En Gilead, la mujer “desobediente”, que se rebela contra las opresiones del sistema es asesinada. Sin juicio previo, sin posibilidad de defensa, sin atenuantes. O acaso peor, es enviada a “las colonias”, a limpiar residuos radioactivos. Alguna vez escuché en algún debate televisivo un análisis acerca de por qué matan cada vez más mujeres, incluso ante el endurecimiento de la pena y su calificación como “femicidio” desde 2012. La explicación decía que la violencia contra las mujeres se ejerció siempre pero antes la mujer lo soportaba. Por el miedo al qué dirán, por el mandato social de quedarse con su marido, por el estigma de ser una mujer sola. Hoy en día no es así y el castigo a la rebeldía es el femicidio.
El 1 de enero de 2019 me tracé una meta personal en mi tarea cotidiana y periodística.
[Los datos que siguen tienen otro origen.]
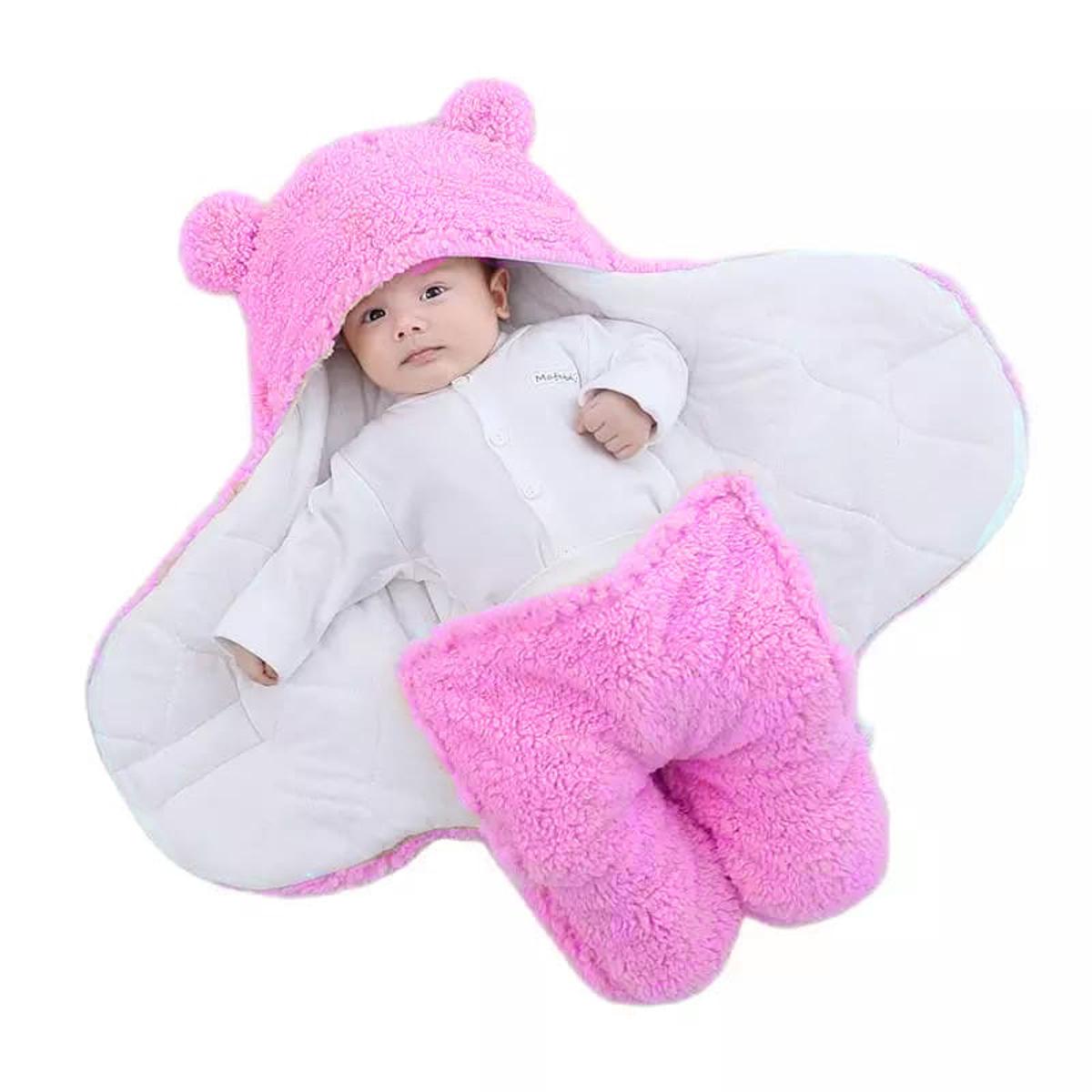 Picture of Baby Sleeping Bag Ultra-Soft Fluffy Fleece Newborn Receiving Blanket Infant Boys Girls Clothes Sleeping Nursery Wrap Swaddle HOT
Decidí comenzar un registro propio de la cantidad de femicidios que ocurrieran en el país. Mi intención era contar con estadísticas propias debido a que no abundan oficiales y las que se conocen son, en su mayoría, elaboradas por ONGs.
No hubo mucho tiempo para el análisis: ese mismo día Celeste Castillo fue asesinada por su marido policía de un tiro con su arma reglamentaria, que después apuntó contra sí mismo. Mi lista comenzó con Celeste. Y fue a horas del año nuevo. Después se sumó una más y otra y otra y me fue imposible, también debido a las tareas cotidianas, continuar con el registro. Eran muchas en pocos días. Al día de hoy se cuentan más de 35.
¿Por qué, con toda la información disponible, continúan los femicidios? Nelly Minyersky es una abogada feminista que, en una entrevista con Página12, intentó responder esa pregunta. “Creo honestamente que la única forma de enfocar el femicidio y la violencia es considerar que no se arregla con más educación. Es un problema de autoestima, de sentir que tenés derechos”. Esos derechos que no tienen las mujeres de Gilead.
La novela es una crítica social única y exquisita. Recomendable por demás. Permite pensar la sociedad que tenemos, los avances, los retrocesos, lo que todavía queda por cambiar y es una posibilidad para salirse del sillón cómodo del sentido común, de lo establecido y comenzar a cuestionar. Aún en esos lugares donde todo parece incuestionable.
Cuando era chica jamás escuché la palabra “feminista”. Sin embargo estoy convencida que mi mamá era una. Sin saber qué quería decir la palabra, con sus acciones –y su humor sano– siempre nos demostró la diferencia que existía entre el hombre y la mujer en cuanto a obligaciones y privilegios. Recuerdo que siempre decía “me voy a cocinar porque no nací hombre”, con palabras menos políticamente correctas. Un poco en chiste, un poco en serio, lo decía cada vez que tenía que realizar alguna tarea que le tocaba “por ser mujer”. Siempre lo recuerdo. Desde chica noté que no éramos iguales ellos y nosotras. A medida que fui creciendo esas diferencias se hicieron más notorias, pero el sentido común establecido me hacía dudar de mi intuición. Hasta que llegó la ola del feminismo y me di cuenta que mi mamá, sin saberlo, siempre tuvo razón. Mi mamá había entendido todo.